I got a rough cut together and I was like you're not so bad, you're all right, you know. It's one of the few times I made a piece and had a sense that there was no rush or deadline. I was much more diffuse about my approach to it which is unlike me in general with my work. I tend to be pretty focused about my work. But, the horror film is just mad creepy.
CC: You just walked into that house and immediately thought "This is creepy."
KO: It's not like The Shining...it's like The Shining's bootleg. It's real creepy. You could see that there had to be something creepy [at Skowhegan], if you would just dig a little. Linda the Executive Director used to live there. I was like, "How did you live here?"

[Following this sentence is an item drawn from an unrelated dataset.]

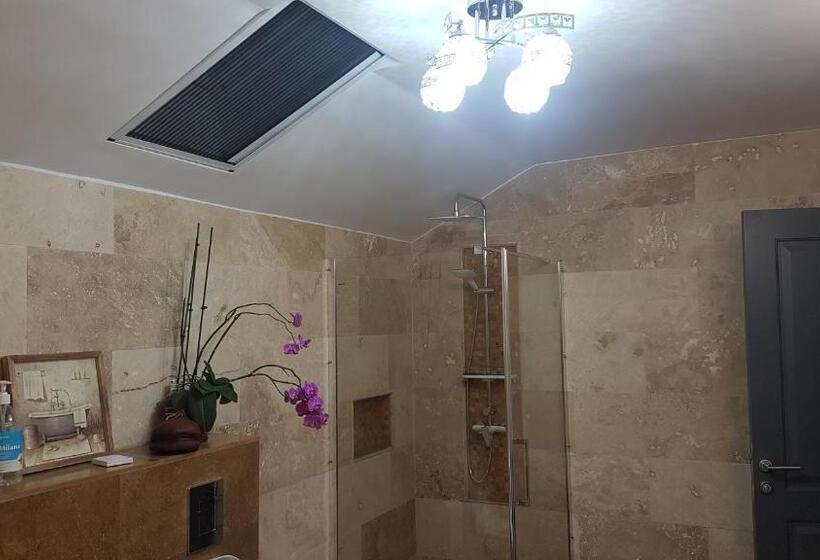 Трехместный Номер Стандарт Совместная Ванная, Casa Magnolia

The film is about these two Siamese twins. They get possessed and split themselves apart. They get obsessed with these shoes that come between them and the shoes consume them. There are two rooms; one room is all white with two twin beds and a room that is green with two twin beds. They're all identical, the beds, the rooms, except they're just in different colors.
CC: You didn't do this? It was your natural backdrop?
KO: That's just how it was. Then there was a powder room in the house, where it's drawers almost floor to ceiling and a closet, and the room is like seven feet wide and it has a mirror. You come in and you're already claustrophobic. Then you start pulling out drawers.
CC: Yeah, that's a little scary.
To Big for Your Breaches, 2006. Mixed media.
KO: I'm about to shoot this new film about these roller dancers who are high school students that sneak out of their house onto the roof. It's set in the 80's and they battle each other roller skating. I had an uncle who was always saying everybody should have their secrets. I have a dear friend of mine who was talking about how trust was not about whether somebody tells you everything; it's about if you believe them and about whether or not you trust you're good with them. Believing them is key.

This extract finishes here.